Sometimes being a writer is really hard. Writing takes thought, organization, skill and a hint of wild abandonment to make it really work. The problem with all of that is, it is really hard to abandon all the organization which is sometimes required to write a good story. This, my friends, is my main problem. When I want to tell a story I sit down and start pounding it out. The part of the story that has driven me to the madness of writing flow freely, as if the Muse Goddess was sitting on my shoulder and sprinkling me with magic writing dust. But then there are the other parts of the story that I am driven to because plot, or character decisions, or whatever else, that stops me in my tracks.
I don't know about you, but sometimes writing feels like an exercise in frustration. You know what you want to happen, you know how it is suppose to happen, but then for whatever reason in the world you can't make it happen! This is what I call Perfectionism- the inability to move past something because it didn't work exactly the way you wanted it to. This "P" word is the exact reason I have an entire back log of unfinished manuscripts just mocking me in my Word file. They are a constant reminder of all the stories that didn't go as planned, but really, what ever does go the way we want it to?
I like to use the analogy of traveling with children. Before you even leave the driveway things have stopped going as planned. What would happen if we abandoned every trip, or vacation because the itinerary got messed up before we even had the car loaded? Perfectionism is holding us back fellow writers! We worry about what others are going to think about the story before we even get the whole thing down on paper. We wonder if our book is going to be the next Harry Potter, but we never finish the dang thing because one of our characters grow a personality and throw off the whole plan. What we need to do is stop trying to have perfect rough drafts, that is what edits and revisions are for. No one has ever written a perfect rough draft. that is why it is call a ROUGH draft. So lets stop with all the frets and worries. Lets just get the story down on paper, and then we can go back and start polishing. Not even diamonds are born perfect.

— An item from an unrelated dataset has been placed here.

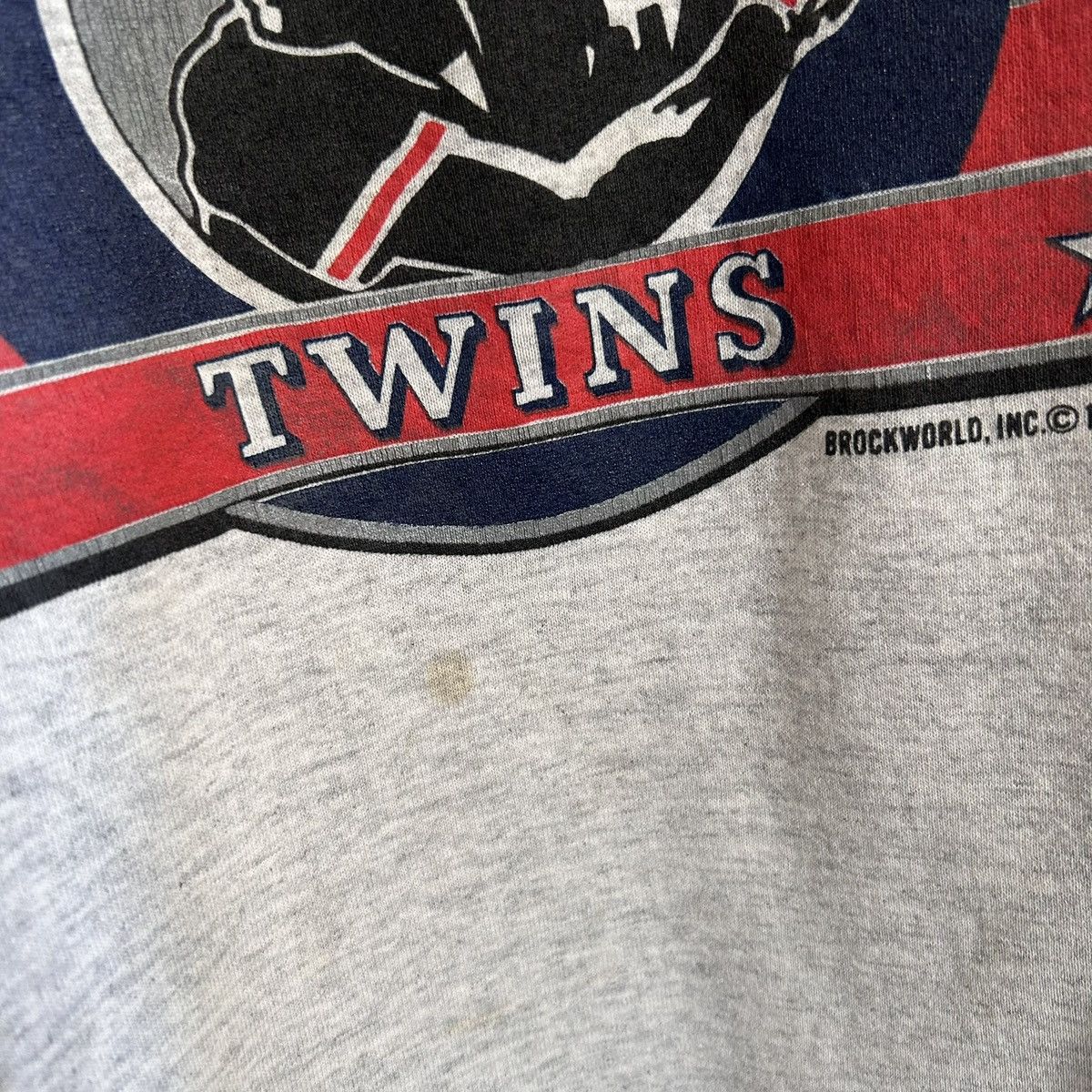 Vintage Vintage 1988 Minnesota Twins Crewneck Size US L / EU 52-54 / 3 - 4 Thumbnail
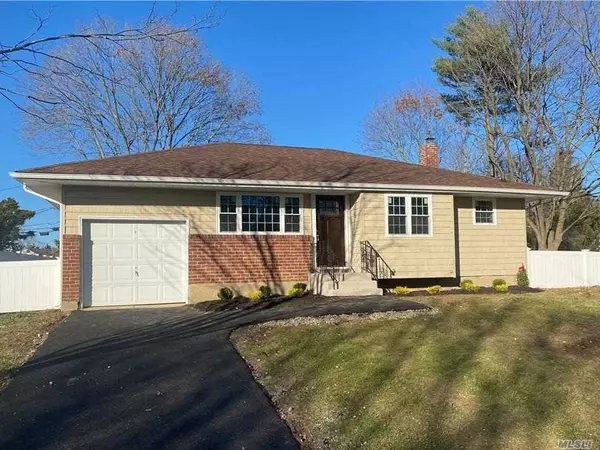 Smithtown, NY 11787,44 Dartmouth DR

So here is my challenge, and my goal for myself. Instead of stopping when it gets hard, I am going to push through it. I might have one or two chapters of complete trash, but somewhere in all that mess of words is a great idea, but I can't have it until I write it down. Next I am going to open up that dusty old Word file and start working on a story in there. I wrote what I already have because there was something to love about it. A character who needed to be heard, a story that needs to be told, so I need allow myself to fall in love all over again. I'm going to say goodby to Perfectionism and say hello to story telling.